### ACTION ITEM
Please quote exactly the lines below from the line containing "2nd image of 1121 Moller Ave" to the line containing "Mercedes GLA 220 D — photo 18", both lines included, and nothing else.

### EXERCISE MATERIALS
########################################
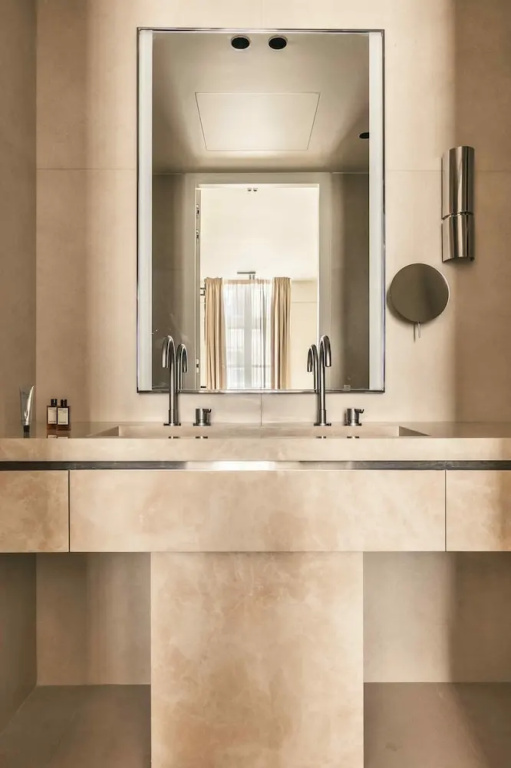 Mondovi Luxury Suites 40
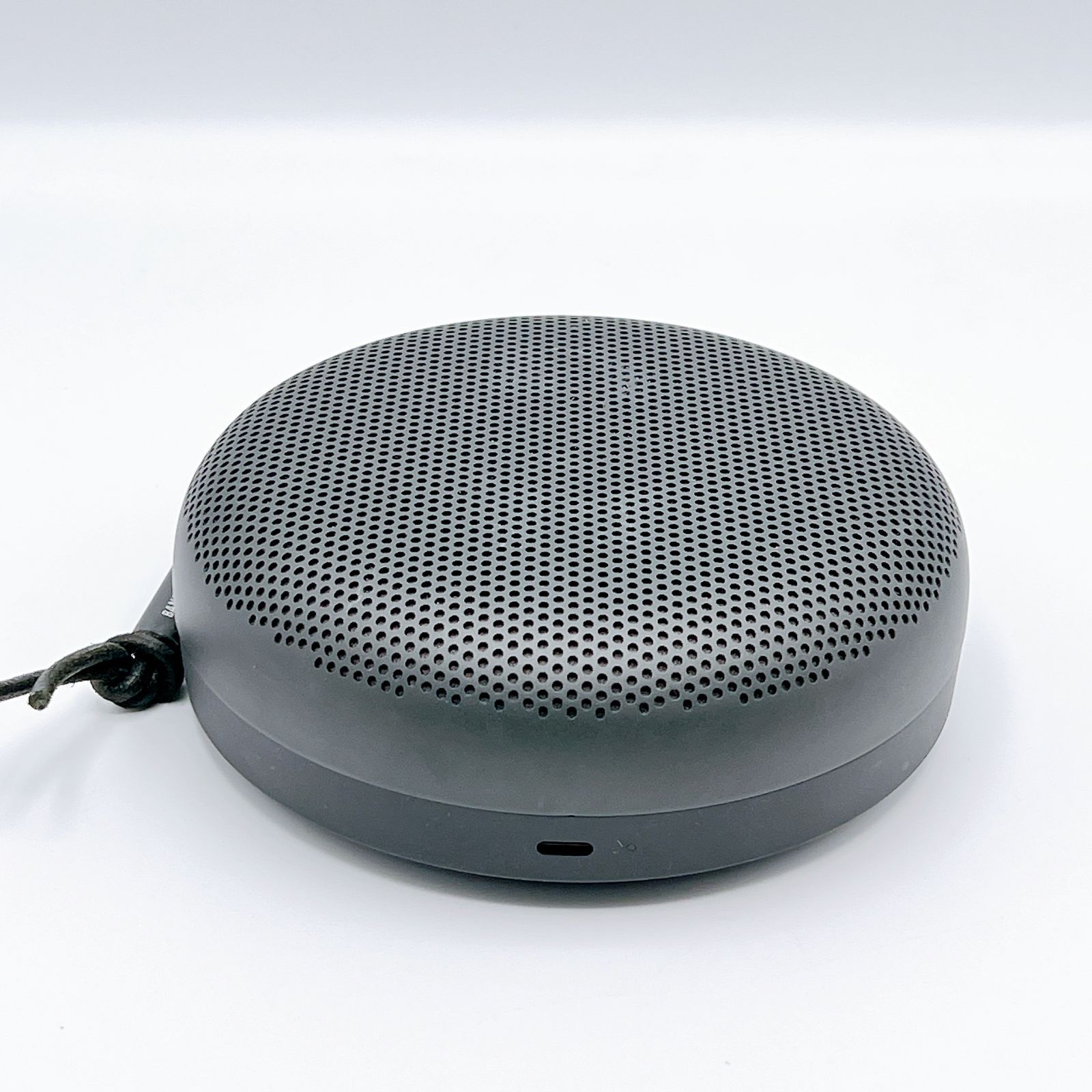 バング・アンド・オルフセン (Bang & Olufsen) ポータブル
########################################
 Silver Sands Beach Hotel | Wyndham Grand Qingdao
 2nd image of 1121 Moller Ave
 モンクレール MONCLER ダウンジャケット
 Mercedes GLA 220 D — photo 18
########################################
### ANSWER FOR THE TASK
 2nd image of 1121 Moller Ave
 モンクレール MONCLER ダウンジャケット
 Mercedes GLA 220 D — photo 18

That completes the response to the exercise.